But then enter crazy phase. Some news came my way and I lost it. I went crazy. I was back to angry phase only crazier!
For a couple days I couldn't eat and just cried anytime I had the chance. I felt beat. My parents who I lived with at the time would yell at me - they didn't understand what happened to their daughter. For them it was A+B=C. He's an asshole. You broke up with him. Why are you the one crying?
My response was overly dramatic. I just couldn't fathom why God would bring someone so evil into my life. I had been ready. I loved with all my heart. So why him? Why when so many would end up getting hurt?
God must really love me after all the f-bombs I dropped during this time.

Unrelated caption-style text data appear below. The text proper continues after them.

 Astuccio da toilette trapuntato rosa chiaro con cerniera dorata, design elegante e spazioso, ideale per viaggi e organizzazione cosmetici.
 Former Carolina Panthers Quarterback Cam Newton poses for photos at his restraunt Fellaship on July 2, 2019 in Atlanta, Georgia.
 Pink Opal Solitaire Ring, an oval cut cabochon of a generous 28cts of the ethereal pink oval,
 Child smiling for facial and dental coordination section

But since he wasn't answering these questions, I decided to put on some red lipstick, curl my hair, and go out into the world with the attitude of well, what have I got to lose except my mind which is already gone.
So I picked up my friend, a pack of smokes, and we drove to a very public park where we tried to light all my letters and pictures on fire. It took us a few tries - apparently letters don't burn as easily as you think. I think it's the clear coat that encases them. It was also windy. But we finally managed and smoked cigarettes as we watched every tangible memory of him turn to ash. It was a very small pile which was both depressing and funny at the same time.

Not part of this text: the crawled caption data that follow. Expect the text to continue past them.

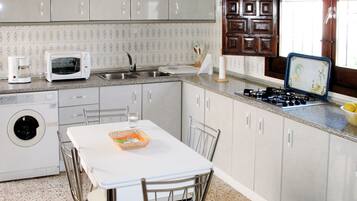 Fridge, oven, cookware/dishes/utensils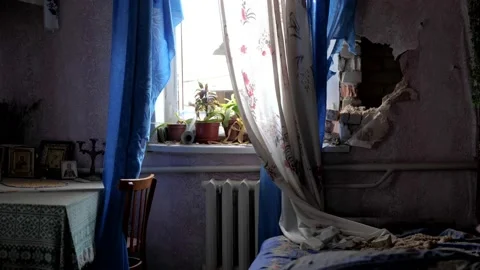 Destroyed bedroom of a house from a shell fired by Russian troops Stock Footage 196875861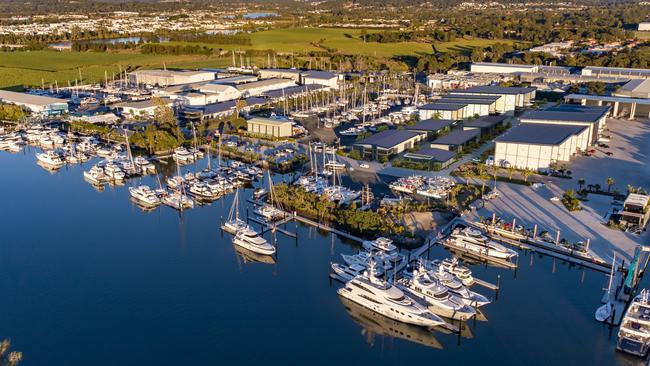 An artist impression of stages three and four of The Boat Works expansion. The services hub buildings are pictured right of centre with the four superyacht sheds behind the hub.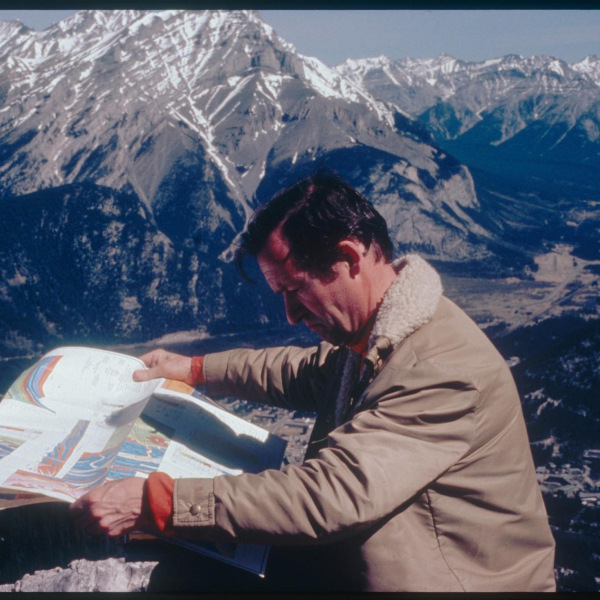 A picture of a man reading a map with mountains in the background.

Suddenly someone who had been missing for a while began to creep out - my 18 yr-old self. I remembered when I had done this after a breakup with my first love. I had been alone that time - with few good friends in my life. But this time, I was surrounded with love and light and equally pissed-off women to join me in the crazed dancing, singing, drinking, and smoking which I did for roughly 10 days in a row.
I also began concert hopping because it seemed to be the one thing that would consume my brain, if only for a couple hours. The relief was welcomed though and those few peaceful hours saved me. Anything to take my mind off the pain.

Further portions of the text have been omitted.